One hundred fifty names were picked today during a Facebook live event to find out who gets to live in Broward County’s first LGBT-friendly affordable apartment complex for seniors.

Those selected for consideration during the bingo-like lottery will be notified in about two weeks.

Wilton Manors' applicants will receive first consideration for five of the 48 units at the Residences at Equality Park, a $15 million project.

“I know I’m going to be cracking a bottle of champagne when we get the first resident moved in,” said Robert Boo, CEO of the Pride Center, as Vice Mayor Tom Green spun a wire bingo barrel and then pulled application numbers out of it. From start to finish, the affordable housing project at 2040 N. Dixie Highway has taken about eight years of planning and work, he noted.

“We’re very happy in Wilton Manors this is finally coming to fruition,” Green said.

The lottery took place at the Pride Center at Equality Park, which adjoins the new complex. Carrefour Supportive Housing Inc., which built the complex, received a whopping 1,501 applications from people in Florida and other states. The 48-unit complex has 21 studio apartments, 21 one-bedroom apartments and six two-bedroom apartments.

Of the 48 units, five will be reserved for Wilton Manors residents, Boo said, noting that 53 of the total applications were from Wilton Manors residents. Thirty-four of the apartments, or 70%, will go to applicants who are considered disabled, he added.
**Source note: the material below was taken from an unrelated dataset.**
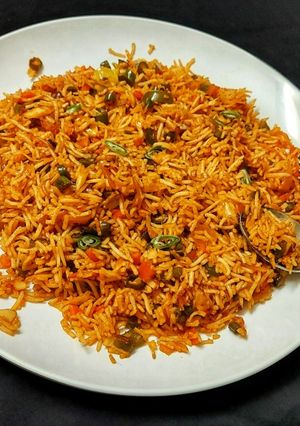 A picture of Schezwan fried rice.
All occupants must be 55 years or older, Boo said.

The applications were divided into two groups: Those from Wilton Manors residents and those from people who live elsewhere and the lottery took place in two steps.

During the first round, all the Wilton Manors applications were placed into a hand-operated wire cage and 25 were randomly selected for consideration for five of the available apartments. Afterwards, the other remaining applications were placed into the wire cage, with 150 being chosen for consideration. Each application was identifiable only by a number, which was assigned to the application when it was submitted. Applicants do not know what number was assigned to their application. All the applications received will be kept on file.

Carrfour President Stephanie Berman, who attended the lottery by video call, said they picked so many applications during Wednesday’s lottery because some applicants may drop out, while others may not meet income or other guidelines when they are reviewed. Carrfour has been building affordable housing in Florida since 1993 and currently oversees more than 1,700 housing units in Miami-Dade County. The project at the Pride Center is its first in Broward County.

Boo said 1,500 applications is the largest number that Carrfour has ever received for any of its housing projects before they opened up. One reason may be that applications were made available online, he said. Paper applications were also available at the Pride Center during the application period.

Boo said FPL is hooking up power to the complex today so the air conditioning units can be turned on and the flooring installed. Some painting, tilework and the installation of appliances will follow, he added.

“This was a community-driven identified project that was needed,” Boo said. “So here we are seven-eight years later getting ready to open it up. It’s pretty exciting.”

The developer is receiving $11.2 million in low-income housing tax credits from Florida Housing Finance Corporation, an FHDC loan of $550,000 and $955,866 in deferred development fees.

The city is contributing $50,000 from its Affordable Housing Trust Fund. The county contributed $450,000, Boo said.